Colwood resident Dar Churcher stands beside her property on Bunker Road

Resident applauds freeze on community boxes in Colwood

Canada Post move a ‘temporary win’ for resident on busy corner

Some West Shore residents will be able to sleep a little better this week knowing that community mailboxes will not spring up in their neighbourhoods anytime soon.

Canada Post has announced it is freezing plans to end door-to-door mail delivery and switch to community mailboxes for hundreds of thousands of households across the country, a reprieve that includes the West Shore.

“I’m absolutely delighted to hear the news,” said Colwood resident Dar Churcher. “I didn’t anticipate it to be this soon.”

Churcher, like many West Shore residents, has been voicing her concerns about the transition to community style mailboxes.

Her biggest beef is the safety of the potential location of the box designated for her area.

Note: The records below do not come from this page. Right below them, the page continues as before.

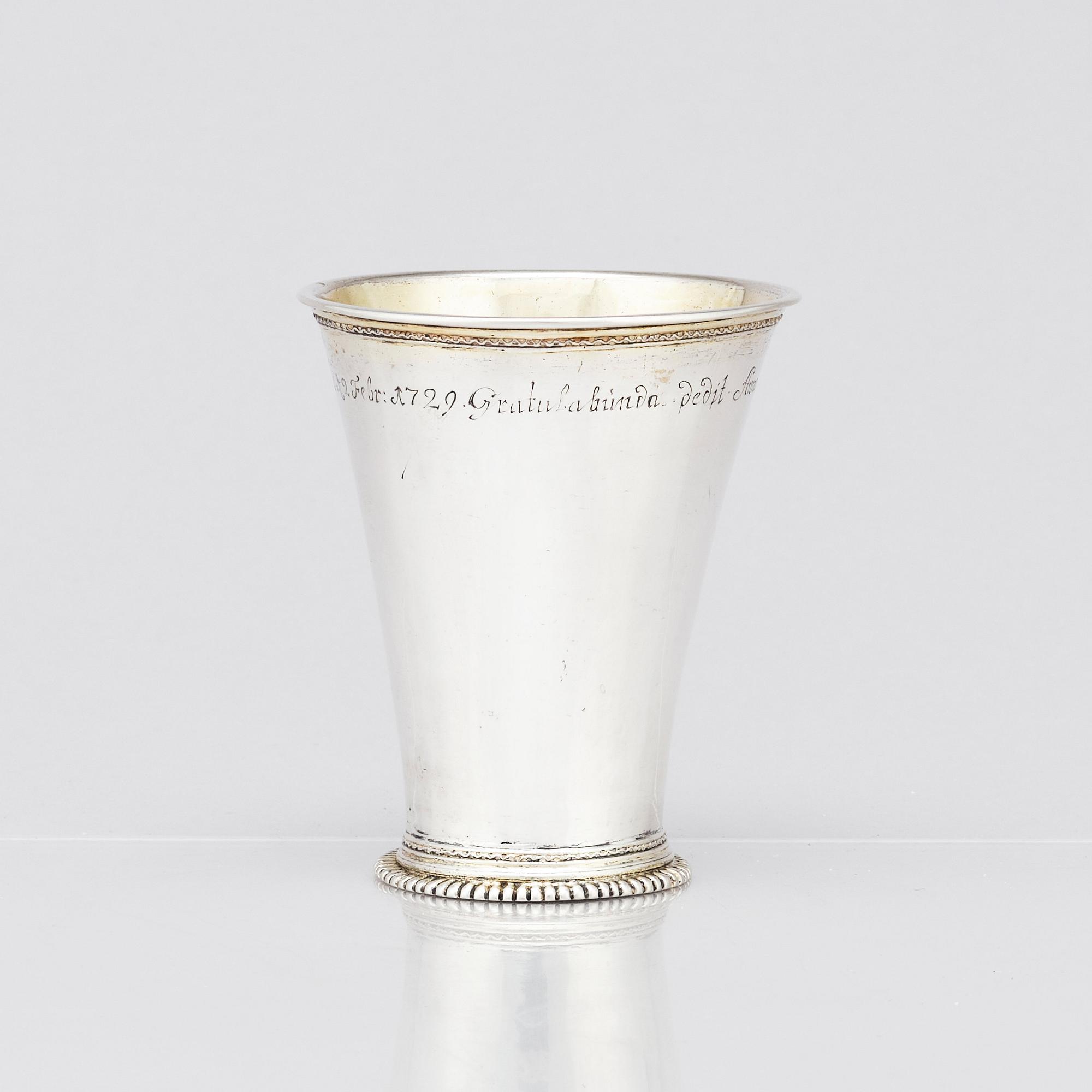 A Swedish 18th century parcel-gilt silver beaker, mark of Abraham Wirgman, Göteborg, 1722.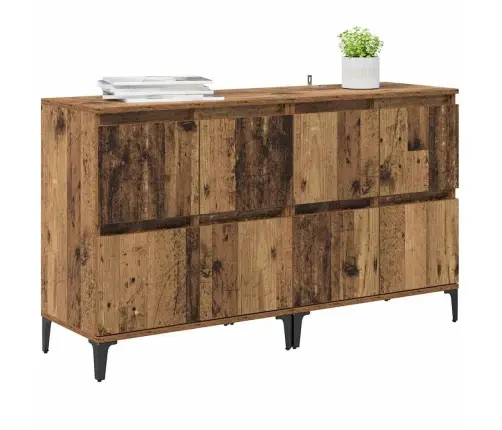 Sānu Skapji 2 Pcs Vecs Koks 60 X 35 X 70 Cm Inženierijas Koks Vidaxl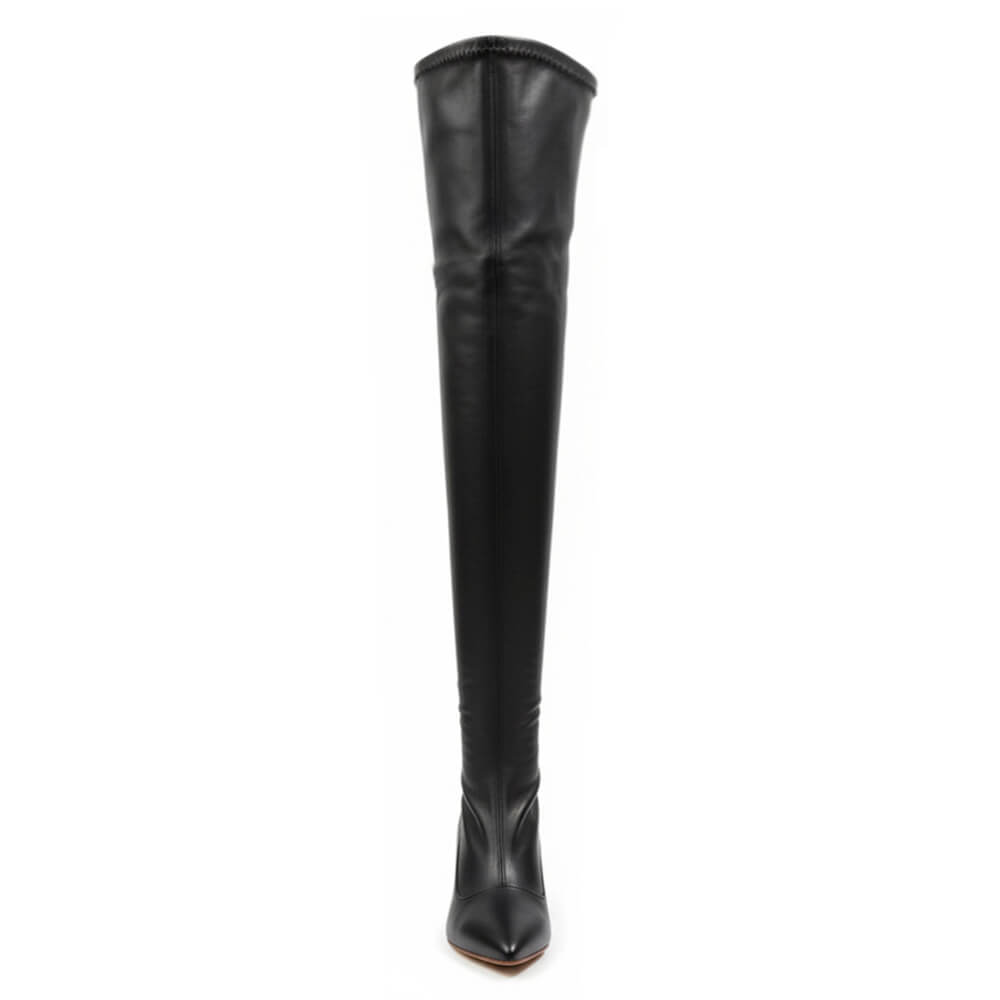 Whitneyy - Black Vegan Stretch Leather - Street Sole - Thigh Variant Three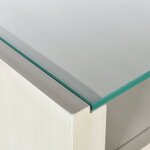 Dann Foley Lifestyle Ivory & Gold Glass Top Three Drawer Cabinet - Image 5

A notification she received from Canada Post stated that the 48-compartment mailbox would be installed on the gravel shoulder of her property on Bunker Road. But along that side of her property she has a hedge and a number of trees that obstruct sight lines, making for what she calls “a blind corner.” She’s concerned that with the speed vehicles travel along Wishart Road, and the number of cars that could be parked just out of view in front of the intended mailbox, it could be a disaster waiting to happen.

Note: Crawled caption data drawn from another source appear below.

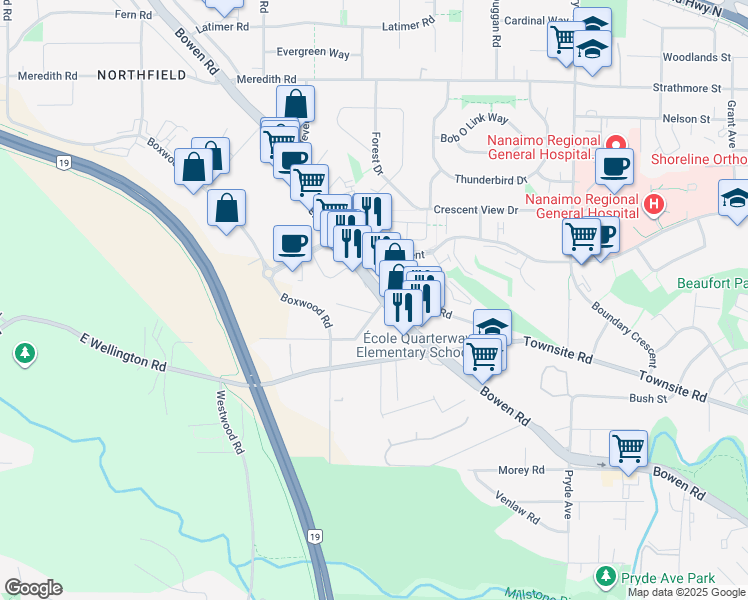 map of restaurants, bars, coffee shops, grocery stores, and more near in Nanaimo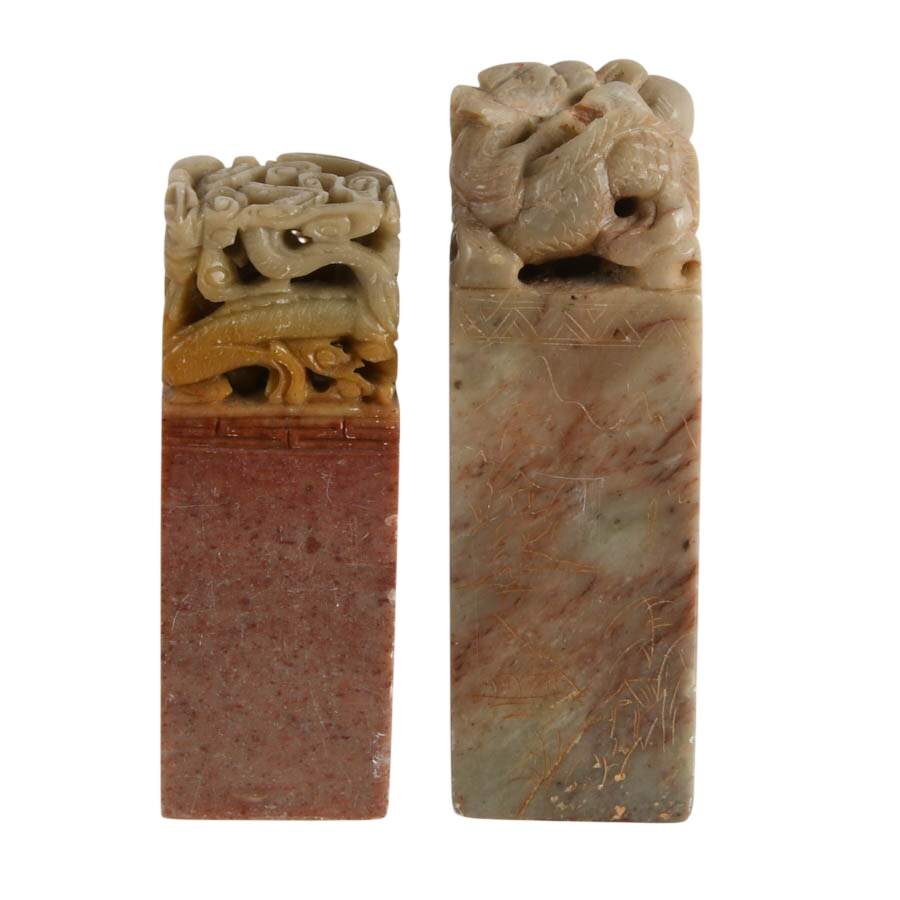 Four Chinese Carved Stone Chop Seals-6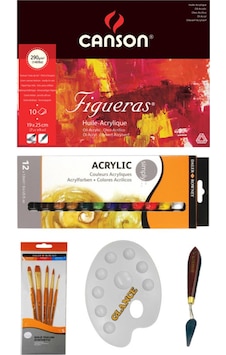 290 Gr Tuval Dokulu Defter - Daller Rowney Akrilik Boya Çalışma Seti - Glance Set - 1 290 Gr Tuval Dokulu Defter - Daller Rowney Akrilik Boya Çalışma Seti - Glance Set - 1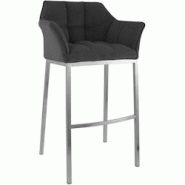 CLP Tabouret de bar Damaso Cord avec piètement à quatre pieds Gris foncé/Acier inoxydable - gris métal 326348 CLP Tabouret de bar Damaso Cord avec piètement à quatre pieds Gris foncé/Acier inoxydable - gris métal 326348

“The safety factor wasn’t taken into consideration,” she said.

Churcher has been using a wheelchair for 17 years and until recently couldn’t even walk to the side of her property. While she is more mobile of late, she admits she still has her bad days and requires the use of her wheelchair to get into her home. She’s concerned that if the proposed community box goes up in its planned spot, it will restrict her access to her property.

She also noted people driving to access the box will have nowhere to turn around and would likely be driving onto private property.

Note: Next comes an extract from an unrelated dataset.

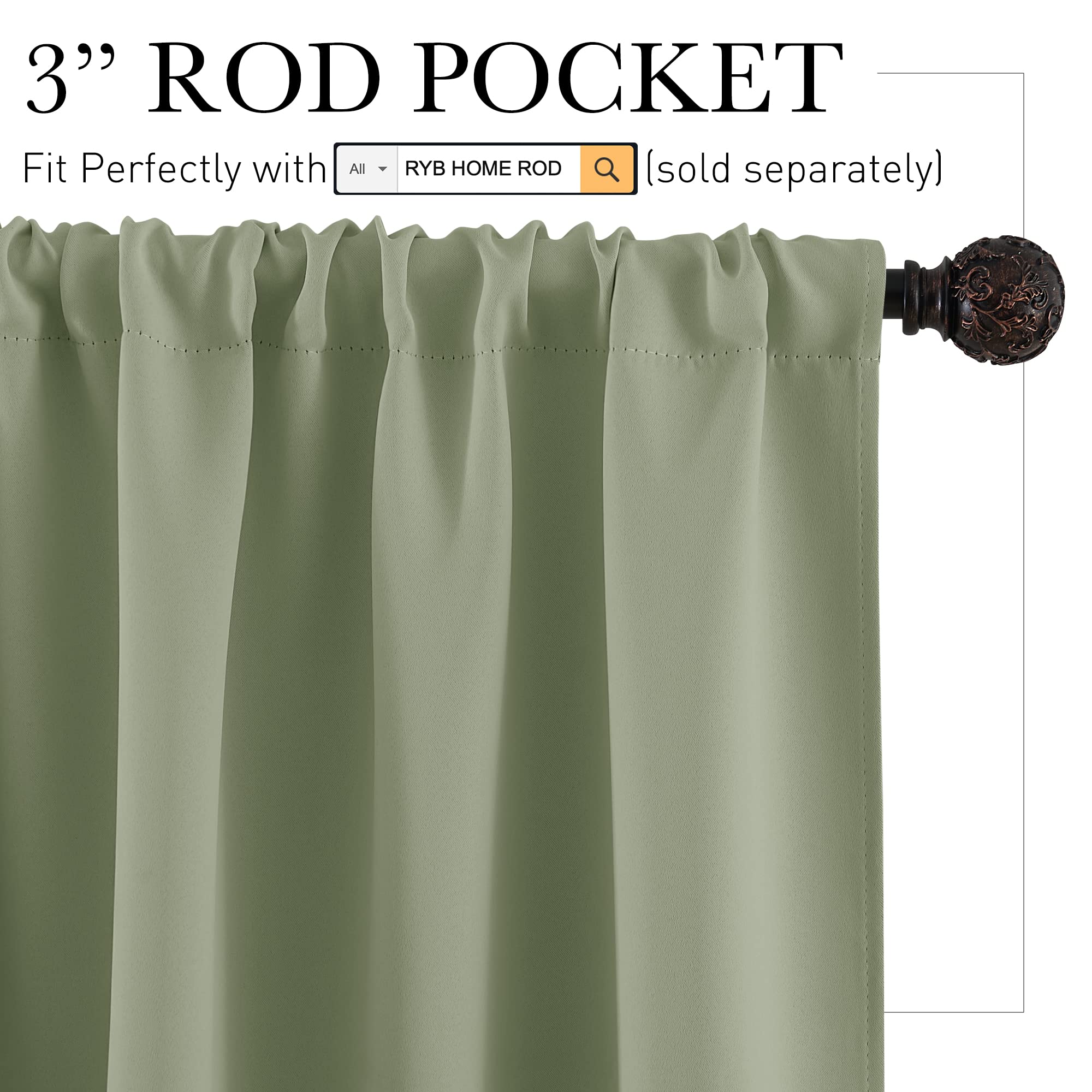 Short Blackout Curtains for Small Window Kitchen Bathroom Cafe RV (2 Count)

On Monday the Crown corporation announced it is “temporarily suspending” the deployment, pending discussions with the incoming Liberal government on how “to determine the best path forward given the ongoing challenges faced by the Canadian postal system.”

The Liberals ran on a promise to study and potentially reverse the shift away from home delivery.

“It’s a golden opportunity for the Liberals to carry favour with the electorate,” Churcher said. “It gives me hope.”

But she will take the suspension as “a temporary win with the hope that it will be a permanent win.”

Canada Post said 460,000 addresses across the country are in the process of being converted to community mail boxes and all conversions scheduled for November, December or 2016 will be put on hold.

“Customers impacted by this decision will receive a letter within the next few weeks advising them of the status of their mail delivery service,” Canada Post said in a news release.

“In neighbourhoods where the 10-month internal and community conversion process is complete, customers will collect mail and parcels at their community mailbox. This includes customers set to begin receiving their mail and parcels in their boxes in October. We remain focused on maintaining reliable postal service to all Canadians without disruption.”

Community mailboxes have been the target of criminals across the West Shore, with residents in many neighbourhoods voicing concerns their mail is too vulnerable to theft. The conversion has also been fought by the union representing postal employees.